Javascript: object array mapping and matching with IE11

I'm looking for a javascript implementation (for IE11) for this problem; my inputs are two arrays like these:
var array1 = [{id: 1, param:"bon jour"}, {id: 2, param:"Hi"}, {id: 3, param:"Hello"}];
var array2 = [{item: "Peter", values:"1,2", singlevalue:"2"},
{item: "Mark", values:"1,2,3", singlevalue:"3"},
{item: "Lou", values:"2", singlevalue:"2"}];
and I should create a new array (array3) with array2 data plus 2 new fields ("params" and "singleparam"), using matching between array1[i].id and array2[x].values to evaluate "params" and between array1[i].id and array2[x].singlevalue to evaluate "singleparam", with this kind of result:
array3 = [{item: "Peter", values:"1,2", singlevalue:"2", params:"bon jour,Hi", singleparam:"Hi"},
{item: "Mark", values:"1,2,3", singlevalue:"3", params:"bon jour,Hi,Hello", singleparam:"Hello"},
{item: "Lou", values:"2", singlevalue:"2", params:"Hi", singleparam:"Hi"}];
I'm a javascript newbie and I've tried this kind of solution:
var array3 = array2.map(function(x, array1)
{
const newOb = {};
newOb.item = x.item;
newOb.values = x.values;
newOb.singlevalue = x.singlevalue;
newOb.params = function(x.values, array1)
{
var str = "";
var idArray = x.values.split(",");
for(i = 0; i < idArray.lenght; i++)
{
for(j = 0; i < array1.lenght; j++)
{
if(idArray[i] == array1[j].id)
{
str += array1[j].param + ",";
break;
}
}
}
return str;
};
newOb.singleparam = function(x.singlevalue, array1)
{
var val;
for(j = 0; i < array1.lenght; j++)
{
if(array1[j].id == x.singlevalue)
val = array1[j].param;
}
return val;
}
return newOb;
});
console.log(array3);
with this error: Error: Unexpected token '.'
I'd like to find an efficient solution considering that array1 has less than 10 elements, but array2 could contains more than 1000 objects.
Thanks in advance for your support

I will skip the functions stop and singlevalues and there were also some syntax errors,
for example the correct one is length and not lenght
var array1 = [{id: 1, param:"bon jour"}, {id: 2, param:"Hi"}, {id: 3, param:"Hello"}];
var array2 = [{item: "Peter", values:"1,2", singlevalue:"2"},
{item: "Mark", values:"1,2,3", singlevalue:"3"},
{item: "Lou", values:"2", singlevalue:"2"}];
function newArray3() {
return array2.map(x => {
const newOb = {};
newOb.item = x.item;
newOb.values = x.values;
newOb.singlevalue = x.singlevalue;
newOb.params = paramsFunction(x.values, array1);
newOb.singleparam = singleParamFunction(x.singlevalue, array1);
return newOb;
})
}
function singleParamFunction(x, array1) {
var val;
for(i = 0; i < array1.length; i++) {
if(array1[i].id.toString() == x) {
val = array1[i].param;
}
}
return val;
}
function paramsFunction(x, array1) {
var str = "";
var idArray = x.split(",");
for(i = 0; i < idArray.length; i++)
{
for(j = 0; j < array1.length; j++)
{
if(idArray[i] == array1[j].id.toString())
{
str += array1[j].param + ",";
break;
}
}
}
return str;
}
array3 = newArray3();
console.log(array3)

The solution provided by the #Walteann Costa can show the desired results in other browsers but it will not work for the IE browser as his code sample uses the => Arrow functions that is not supported in the IE browser.
As your question asks the solution for the IE browser, I tried to modify the code sample provided by the #Walteann Costa.
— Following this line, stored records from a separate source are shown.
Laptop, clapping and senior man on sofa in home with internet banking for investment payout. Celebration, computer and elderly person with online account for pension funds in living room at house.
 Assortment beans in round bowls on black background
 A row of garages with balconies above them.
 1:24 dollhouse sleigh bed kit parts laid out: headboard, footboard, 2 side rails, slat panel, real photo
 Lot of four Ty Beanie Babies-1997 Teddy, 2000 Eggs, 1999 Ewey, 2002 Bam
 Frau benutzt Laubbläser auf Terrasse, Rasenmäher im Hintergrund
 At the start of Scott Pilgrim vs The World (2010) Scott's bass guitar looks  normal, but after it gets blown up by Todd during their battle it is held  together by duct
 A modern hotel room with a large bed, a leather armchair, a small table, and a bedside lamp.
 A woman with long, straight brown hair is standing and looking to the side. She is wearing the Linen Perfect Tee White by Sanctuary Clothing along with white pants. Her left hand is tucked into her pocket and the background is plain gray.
Below modified code can work with the IE 11 browser.
<!doctype html>
<html>
<head>
<script>
"use strict";
var array1 = [{
id: 1,
param: "bon jour"
}, {
id: 2,
param: "Hi"
}, {
id: 3,
param: "Hello"
}];
var array2 = [{
item: "Peter",
values: "1,2",
singlevalue: "2"
}, {
item: "Mark",
values: "1,2,3",
singlevalue: "3"
}, {
item: "Lou",
values: "2",
singlevalue: "2"
}];
function newArray3() {
return array2.map(function (x) {
var newOb = {};
newOb.item = x.item;
newOb.values = x.values;
newOb.singlevalue = x.singlevalue;
newOb.params = paramsFunction(x.values, array1);
newOb.singleparam = singleParamFunction(x.singlevalue, array1);
return newOb;
});
}
function singleParamFunction(x, array1) {
var val,i,j;
for (i = 0; i < array1.length; i++) {
if (array1[i].id.toString() == x) {
val = array1[i].param;
}
}
return val;
}
function paramsFunction(x, array1) {
var str = "";
var idArray = x.split(",");
var i,j;
for (i = 0; i < idArray.length; i++) {
for (j = 0; j < array1.length; j++) {
if (idArray[i] == array1[j].id.toString()) {
str += array1[j].param + ",";
break;
}
}
}
return str;
}
var array3 = newArray3();
console.log(array3[0]);
console.log(array3[1]);
console.log(array3[2]);
</script>
</head>
<body>
</body>
</html>
Output in the IE 11:

from an array of objects how do I find which value comes up most often, in javascript? [duplicate]

I'm looking for an elegant way of determining which element has the highest occurrence (mode) in a JavaScript array.
For example, in
['pear', 'apple', 'orange', 'apple']
the 'apple' element is the most frequent one.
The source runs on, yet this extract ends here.